Makea Ariki Takau, one of the tribe’s most powerful elders, may have been, according to the colonel “a greedy, avaricious woman” but he wanted “neglected” plots to be leased to white planters and the Ariki was willing to agree.
So on 3 June 1903, Col Gudgeon ordered the hand over of a 53 acre plot – set by a lagoon on the south side of the main island – to Makea Ariki Takau. The land orders stated “life interest only no power of device” – meaning it would transfer back to previous owners upon her death – but these words were later mysteriously crossed out without the judge's signature.
This week those very same documents will go before the Privy Council in London to try and settle a 109-year-old dispute over a tiny plot of land set in the South Pacific 10,000 miles away.
It was during Makea Ariki Takau's forty year reign that the Cook Islands became a British protectorate before being annexed to New Zealand from 1900 to 1965 when it became self-governing. But its final court of appeal – along with 28 other Commonwealth and British Overseas Territories – still rests with the Judicial Committee of the Privy Council, staffed by the same judges who sit in the Supreme Court.
Today descendants of two families and their lawyers will appear before the court to argue over land they both claim as theirs.
June Baudinet, 67, is insisting that the plot should have gone back to her great grandfather, Ngati Raina, chief of another Cook Islands tribe, Mata'iapo upon Makea Ariki Takau's death.
“To me the wrong was done to my people, my ancestors,” she explained. “It is very important for me to get justice for my ancestors.”
She is appealing a previous court decision made in favour of Ellena Tavioni and the Macquarie family – both descendant of Kopu Ariki, who now own the land. They insist that before 1903 it was their land and Makea Takau actually took it.
“This is extremely important. This is our heritage, our history. When the missionaries first arrived it was our family land,” said Ellena Tavioni today.

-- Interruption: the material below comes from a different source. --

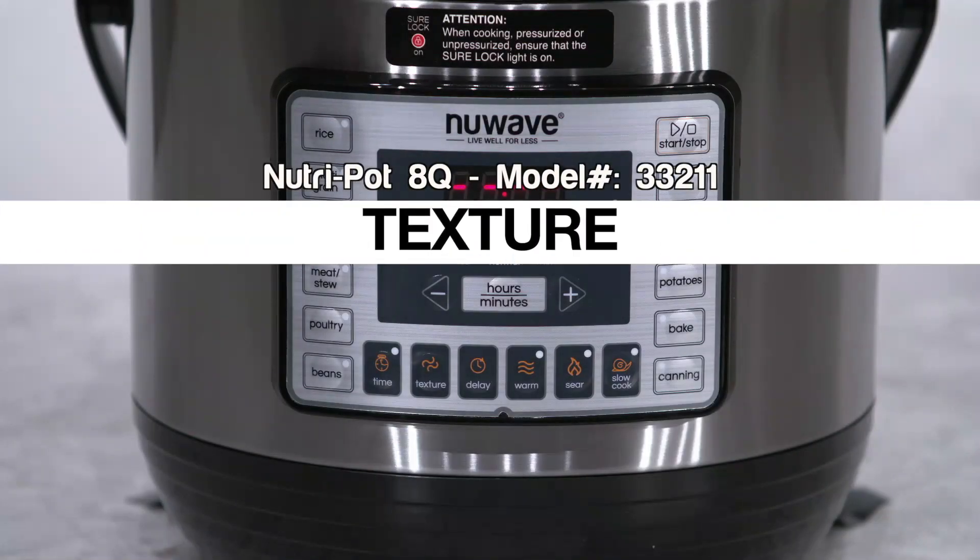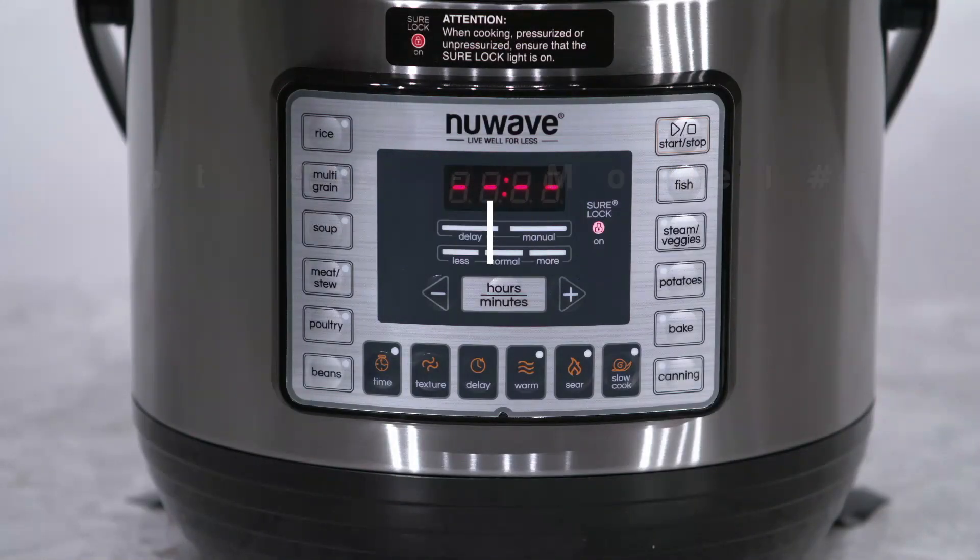The texture function on the Nutri-Pot allows you to change the consistency of your foods to your desire. Less, normal, and more are selected guides that increase or decrease the cooking time while under pressure.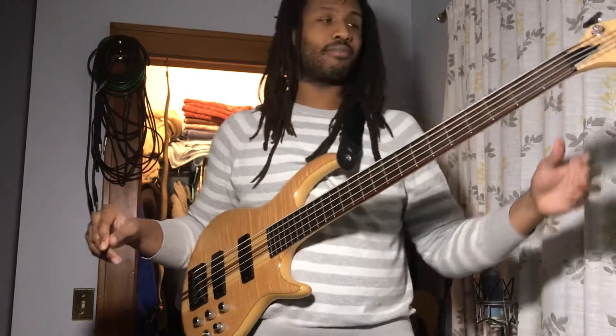I developed the technique on the bass because I'm originally a bass player, even before the finger drumming and anything else.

John Woods, managing editor of the Cook Islands News, described the historic appearance of a land case before the Privy Council as “a huge event for our tiny nation”.
Ross Holmes, the lawyer representing Ms Baudinet, a local business woman running tourist accommodation, a jewellery shop and a supermarket, insists that the land historically belonged to the Mata'iapo. They did not question the original decision by Col Gudgeon, a New Zealander who was appointed British Resident and Chief Land Judge, because they feared the Ariki.
“Makea Ariki Takau was a powerful woman,” he explained. “Gudgeon needed to butter her up in order to have his policies implemented. The Ariki had agreed to lease their land to the Europeans.”
The case has bounced back and forth between the local courts for more than a century. Most recently,
in 2008 Justice Kenneth Hingston in the High Court amened the sealed order from a century before in favour of Ms Baudinet.
But last year Sir Ian Barker of the Court of Appeal reversed the ruling. Now Ms Baudinet is appealing, arguing that Sir Ian made the motion without the jurisdiction to do so.
Tina Browne, representing the respondents, said: “Our concern is we may be opening up all sorts of orders made 100 years ago where nobody is alive to say what happened.”